And tonight, in the fullness of spring, with the help of those who stood up from Portland to Louisville, we have returned to Iowa with a majority of delegates elected by the American people, and you have put us within reach of the Democratic nomination…
And with those words, the crowd at the Des Moines rally went wild for a minute, and CNN (and presumably other networks) went with the screen label OBAMA WINS MAJORITY OF PLEDGED DELEGATES. To the casual viewer — okay, CNN at 9:30 or so on a Tuesday probably doesn’t get too many casual viewers — it looked like the nomination had been officially clinched.

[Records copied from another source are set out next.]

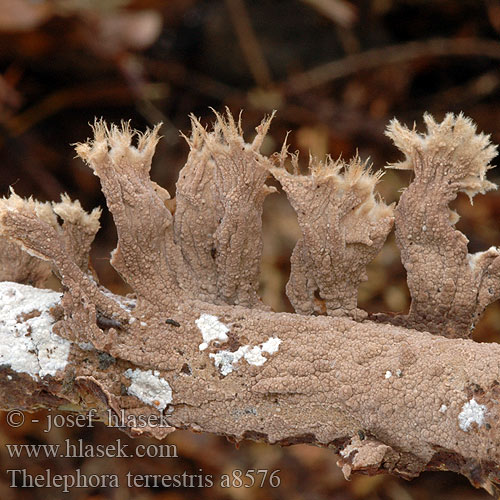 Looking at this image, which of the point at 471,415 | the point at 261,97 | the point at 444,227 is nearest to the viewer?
the point at 471,415

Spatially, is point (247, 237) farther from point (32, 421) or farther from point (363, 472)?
point (32, 421)

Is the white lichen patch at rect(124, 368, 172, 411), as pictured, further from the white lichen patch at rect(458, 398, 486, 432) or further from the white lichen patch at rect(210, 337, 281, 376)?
the white lichen patch at rect(458, 398, 486, 432)

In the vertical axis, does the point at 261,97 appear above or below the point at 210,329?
above

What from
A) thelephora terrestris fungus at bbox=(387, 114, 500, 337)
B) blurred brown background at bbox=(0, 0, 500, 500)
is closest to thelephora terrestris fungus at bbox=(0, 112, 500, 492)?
thelephora terrestris fungus at bbox=(387, 114, 500, 337)

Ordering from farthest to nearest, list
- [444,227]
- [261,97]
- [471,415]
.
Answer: [261,97], [444,227], [471,415]

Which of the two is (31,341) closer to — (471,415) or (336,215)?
(336,215)

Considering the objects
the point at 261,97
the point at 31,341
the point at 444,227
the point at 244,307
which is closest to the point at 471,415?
the point at 444,227

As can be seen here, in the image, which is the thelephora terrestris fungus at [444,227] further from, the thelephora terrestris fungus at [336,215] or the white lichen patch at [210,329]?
the white lichen patch at [210,329]

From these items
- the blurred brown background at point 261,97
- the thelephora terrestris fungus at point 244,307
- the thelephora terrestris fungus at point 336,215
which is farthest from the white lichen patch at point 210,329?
the blurred brown background at point 261,97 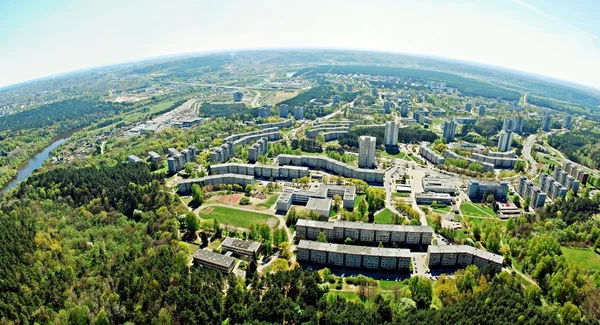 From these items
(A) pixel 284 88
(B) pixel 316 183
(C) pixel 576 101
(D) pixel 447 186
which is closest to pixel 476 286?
(D) pixel 447 186

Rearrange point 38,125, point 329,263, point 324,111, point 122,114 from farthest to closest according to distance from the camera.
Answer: point 122,114 < point 324,111 < point 38,125 < point 329,263

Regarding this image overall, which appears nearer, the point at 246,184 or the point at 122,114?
the point at 246,184

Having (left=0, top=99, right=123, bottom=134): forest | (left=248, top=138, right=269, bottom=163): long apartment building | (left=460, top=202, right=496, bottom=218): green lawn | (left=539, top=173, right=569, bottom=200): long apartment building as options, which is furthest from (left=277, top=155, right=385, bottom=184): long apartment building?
(left=0, top=99, right=123, bottom=134): forest

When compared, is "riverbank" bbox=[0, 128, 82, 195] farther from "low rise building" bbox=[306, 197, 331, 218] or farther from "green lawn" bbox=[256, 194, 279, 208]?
"low rise building" bbox=[306, 197, 331, 218]

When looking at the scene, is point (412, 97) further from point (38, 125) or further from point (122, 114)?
point (38, 125)

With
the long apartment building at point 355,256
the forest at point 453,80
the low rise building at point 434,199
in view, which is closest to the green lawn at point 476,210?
the low rise building at point 434,199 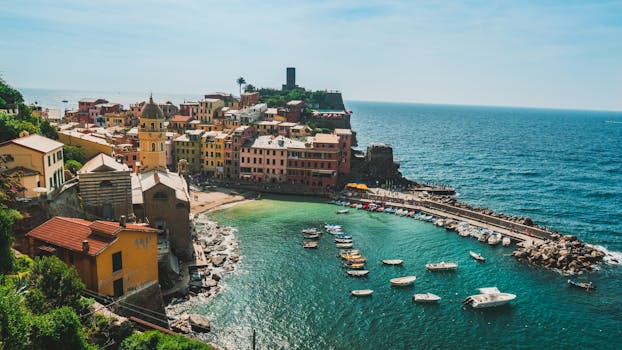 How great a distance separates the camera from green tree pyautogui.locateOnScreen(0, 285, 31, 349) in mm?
20016

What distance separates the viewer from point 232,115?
11381 cm

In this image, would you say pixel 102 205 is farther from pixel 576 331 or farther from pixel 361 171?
pixel 361 171

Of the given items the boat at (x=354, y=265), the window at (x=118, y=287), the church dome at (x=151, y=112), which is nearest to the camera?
the window at (x=118, y=287)

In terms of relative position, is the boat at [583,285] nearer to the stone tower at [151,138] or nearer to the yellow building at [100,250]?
the yellow building at [100,250]

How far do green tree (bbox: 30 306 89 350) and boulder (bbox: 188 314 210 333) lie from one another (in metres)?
15.9

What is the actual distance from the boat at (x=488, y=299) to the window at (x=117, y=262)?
34.7m

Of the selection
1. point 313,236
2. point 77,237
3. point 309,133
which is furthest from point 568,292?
point 309,133

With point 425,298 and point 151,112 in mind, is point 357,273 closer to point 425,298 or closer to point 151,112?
point 425,298

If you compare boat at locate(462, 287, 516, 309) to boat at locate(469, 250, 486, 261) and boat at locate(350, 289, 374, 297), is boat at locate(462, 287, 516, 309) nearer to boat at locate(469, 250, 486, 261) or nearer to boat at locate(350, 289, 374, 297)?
boat at locate(350, 289, 374, 297)

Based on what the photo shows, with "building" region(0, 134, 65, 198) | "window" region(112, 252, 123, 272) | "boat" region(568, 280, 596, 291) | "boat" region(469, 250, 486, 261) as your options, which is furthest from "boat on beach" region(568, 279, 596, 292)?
"building" region(0, 134, 65, 198)

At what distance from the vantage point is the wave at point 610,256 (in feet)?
195

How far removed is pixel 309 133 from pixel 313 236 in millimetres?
52999

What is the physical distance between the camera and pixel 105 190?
4675cm

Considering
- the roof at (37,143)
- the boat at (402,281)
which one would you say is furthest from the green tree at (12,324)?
the boat at (402,281) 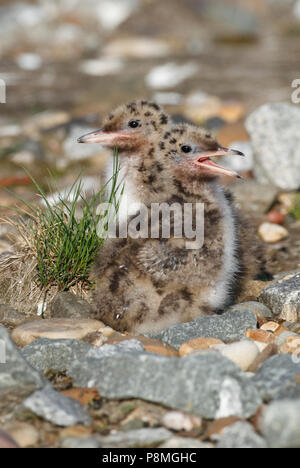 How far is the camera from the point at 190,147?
4.33m

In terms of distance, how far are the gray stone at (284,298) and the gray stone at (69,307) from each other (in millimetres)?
1156

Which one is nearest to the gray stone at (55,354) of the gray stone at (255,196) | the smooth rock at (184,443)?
the smooth rock at (184,443)

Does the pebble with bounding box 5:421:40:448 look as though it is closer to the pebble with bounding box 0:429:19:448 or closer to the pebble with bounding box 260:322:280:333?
the pebble with bounding box 0:429:19:448

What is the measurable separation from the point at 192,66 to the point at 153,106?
8.59 m

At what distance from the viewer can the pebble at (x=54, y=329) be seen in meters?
3.92

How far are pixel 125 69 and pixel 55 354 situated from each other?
9925 mm

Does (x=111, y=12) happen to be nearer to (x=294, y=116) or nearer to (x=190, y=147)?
(x=294, y=116)

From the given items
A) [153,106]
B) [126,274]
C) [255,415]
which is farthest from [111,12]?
[255,415]

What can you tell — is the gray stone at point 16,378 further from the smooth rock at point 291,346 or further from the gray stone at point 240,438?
the smooth rock at point 291,346

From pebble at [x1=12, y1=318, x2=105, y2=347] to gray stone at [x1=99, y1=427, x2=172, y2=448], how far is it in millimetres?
960

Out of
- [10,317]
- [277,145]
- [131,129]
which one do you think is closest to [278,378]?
[10,317]

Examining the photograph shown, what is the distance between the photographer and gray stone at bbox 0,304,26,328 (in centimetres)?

I cannot help but think we are witnessing an error on the part of the Obama campaign.
Once Obama won North Carolina, his road to the nomination was just about assured. At that point, any talk of persuading Hillary to quit should have ceased. Let her have her victory lap. Obama praised her nicely in tonight’s speech, but there’s no doubt that the we-finish-our-improbable-victory-where-it-all-began vibe grated on a lot of very frustrated Hillary supporters.
Obama should have given tonight’s speech in Oregon. Even better, he could have come out and said that while he knows many came to celebrate, he felt the appropriate thing to do tonight is to talk a bit about what’s really on his mind, his friend and hero Ted Kennedy. (Obama mentioned Kennedy tonight, obviously, but this was an opportunity for outreach: Kennedy was probably one of the few figures who was a hero to both Hillary’s Democratic factions and Obama’s.)
Obama’s chances of winning the nomination are now in the high 90s. He and his campaign don’t have to keep telling us that he’s winning; nobody’s putting too much stock in Hillary’s “I’m winning if you count these states, but not these states” math. He’s got to start building bridges to Hillary’s supporters, and “sort of” declaring final victory with a few states to go is not the way to do it.